Europe’s single currency fell back late in the day and the risk premium investors demand to buy Irish debt instead of benchmark German bonds remained high as optimism about an aid deal was tempered by a sense the crisis is far from over.
A poll of participants at a high-level banking congress in Frankfurt showed nearly three quarters believe the turmoil that has shaken Europe’s currency bloc for much of the past year would rage on even after an Irish rescue, ensnaring other financially weak countries like Portugal.
“As long as the fundamentals don’t improve, the pressure will continue on other countries too,” said Daniel Gros, head of the Centre of European Policy Studies in Brussels. “Many believe the euro zone is just moving from one crisis to the next.”
In Washington, U.S. Treasury Secretary Timothy Geithner disagreed. Asked in an interview on Bloomberg Television whether an aid package for Ireland from the EU and IMF could be the last bailout needed, he said: “I think that is absolutely possible.”
“It is within the capacity of the Irish Government and the European authorities to achieve, and I believe they will achieve that because this government, Ireland, has demonstrated that they are willing to do some very, very difficult, very, very hard things to dig their way out of this mess,” he said.
Ireland’s central bank chief has acknowledged the country needs a loan running into the tens of billions of euros to shore up a fragile banking sector that has grown dependent on ECB funds and seen an exodus of deposits over the past six months.
Allied Irish, once the country’s largest listed lender, announced that customer accounts had plunged by 13 billion euros so far this year and that mortgage book arrears had continued to rise in the third quarter.
AIB is relying on the Irish government to bail it out after years of loose lending to property developers left it with a gaping capital hole in excess of 10 billion euros.

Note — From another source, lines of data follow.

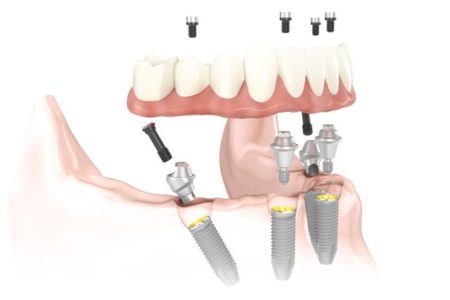An illustration of an all-on-four denture. The image shows four implants placed in the lower jaw with an implant overdenture ready to be placed.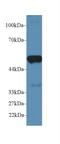 Prostaglandin E Synthase 2 antibody, LS-C296066, Lifespan Biosciences, Western Blot image 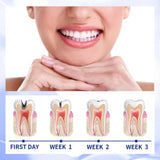 Nueva Pluma Blanqueador Dental Instantáneo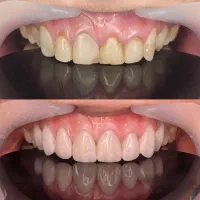 کامپوزیت دندانپزشکی اقساطی بدون پیش پرداخت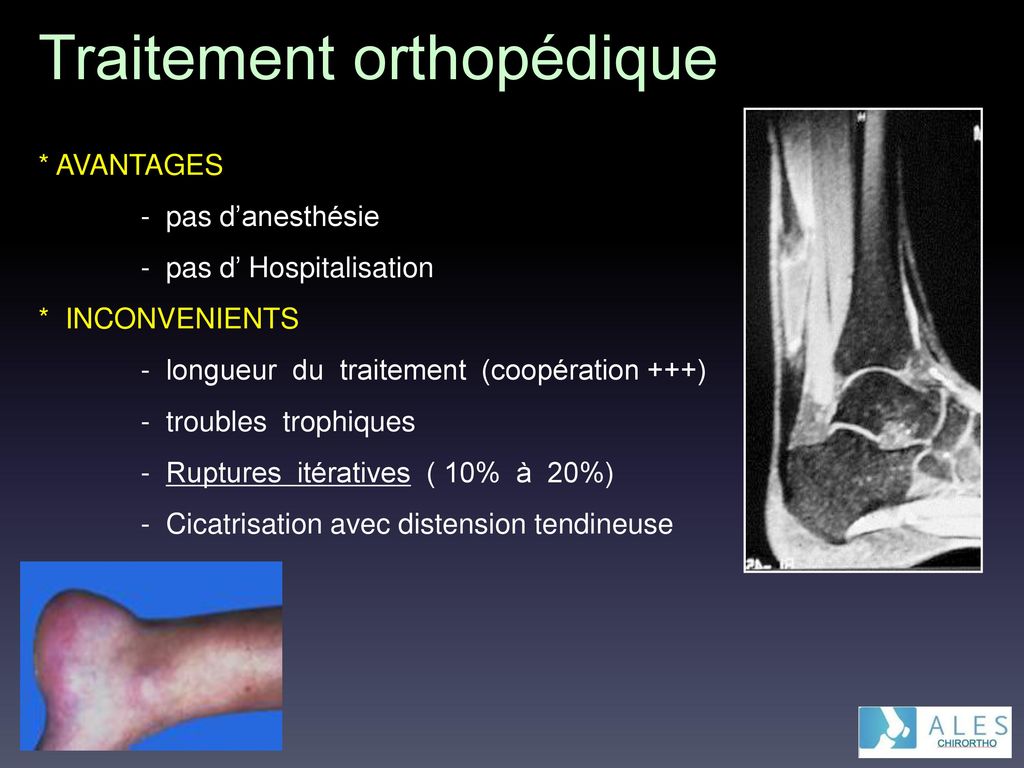 Traitement orthopédique
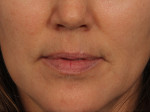 Injectable Fillers Before and after photo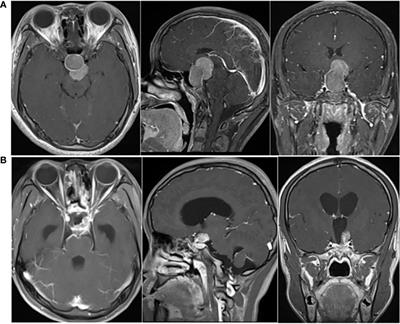 A Pituitary Carcinoma Patient With Cerebrospinal Fluid Dissemination Showing a Good Response to Temozolomide Combined With Whole-Brain and Spinal Cord Radiotherapy: A Case Report and Literature Review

“General funding market conditions in recent months have become increasingly challenging,” the bank said in a statement.
Last week, larger rival Bank of Ireland signalled a 10 billion euro outflow of corporate deposits in the third quarter while bancassurer Irish Life & Permanent said it had suffered a 600 million outflow in the same period.
Unlike Bank of Ireland and Irish Life & Permanent, AIB did not indicate if the deposit withdrawal had tailed off.